Prove the following by using the principle of mathematical induction for all $n \in N$:
$1 \cdot 2 + 2 \cdot 2^{2} + 3 \cdot 2^{3} + \ldots + n \cdot 2^{n} = (n-1) 2^{n+1} + 2$

(N/A) Let the given statement be $P(n)$,i.e.,
$P(n): 1 \cdot 2 + 2 \cdot 2^{2} + 3 \cdot 2^{3} + \ldots + n \cdot 2^{n} = (n-1) 2^{n+1} + 2$
For $n=1$,we have
$P(1): 1 \cdot 2 = 2 = (1-1) 2^{1+1} + 2 = 0 + 2 = 2$,which is true.

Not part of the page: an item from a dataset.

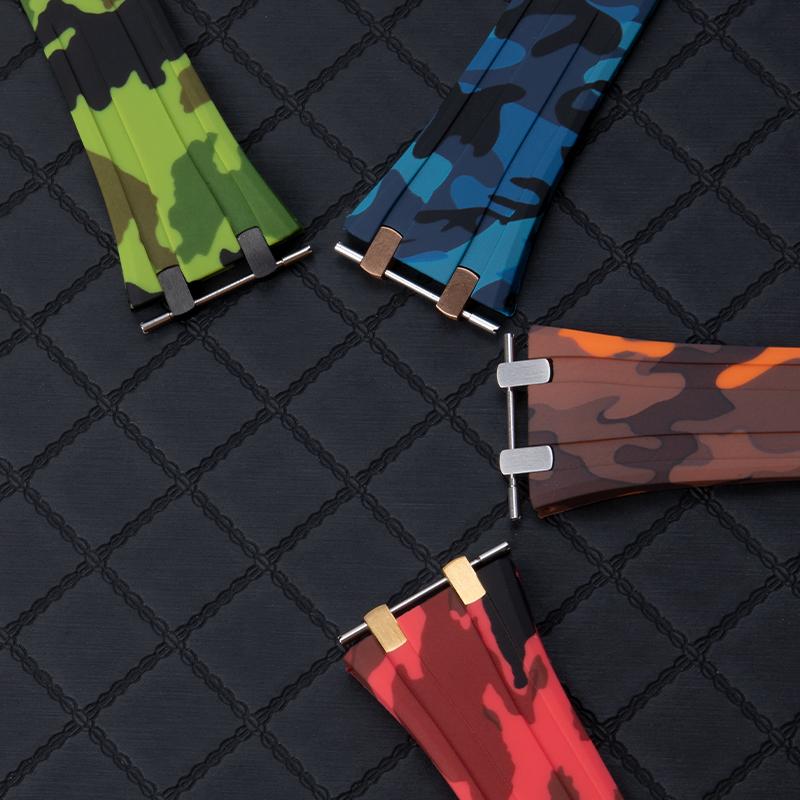 Transfer Camouflage Soft Quality Rubber Watchband For AP Strap 26mm Bracelet Fold Butterfly Buckle For 15500/15400/26331 Belt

Let $P(k)$ be true for some positive integer $k$,i.e.,
$1 \cdot 2 + 2 \cdot 2^{2} + 3 \cdot 2^{3} + \ldots + k \cdot 2^{k} = (k-1) 2^{k+1} + 2$ ........$(i)$
We shall now prove that $P(k+1)$ is true.
Consider
$\{1 \cdot 2 + 2 \cdot 2^{2} + 3 \cdot 2^{3} + \ldots + k \cdot 2^{k}\} + (k+1) \cdot 2^{k+1}$
$= (k-1) 2^{k+1} + 2 + (k+1) 2^{k+1}$
$= 2^{k+1} \{(k-1) + (k+1)\} + 2$
$= 2^{k+1} \cdot (2k) + 2$
$= k \cdot 2^{(k+1)+1} + 2$
$= \{(k+1)-1\} 2^{(k+1)+1} + 2$
Thus,$P(k+1)$ is true whenever $P(k)$ is true.
Hence,by the principle of mathematical induction,the statement $P(n)$ is true for all natural numbers $n \in N$.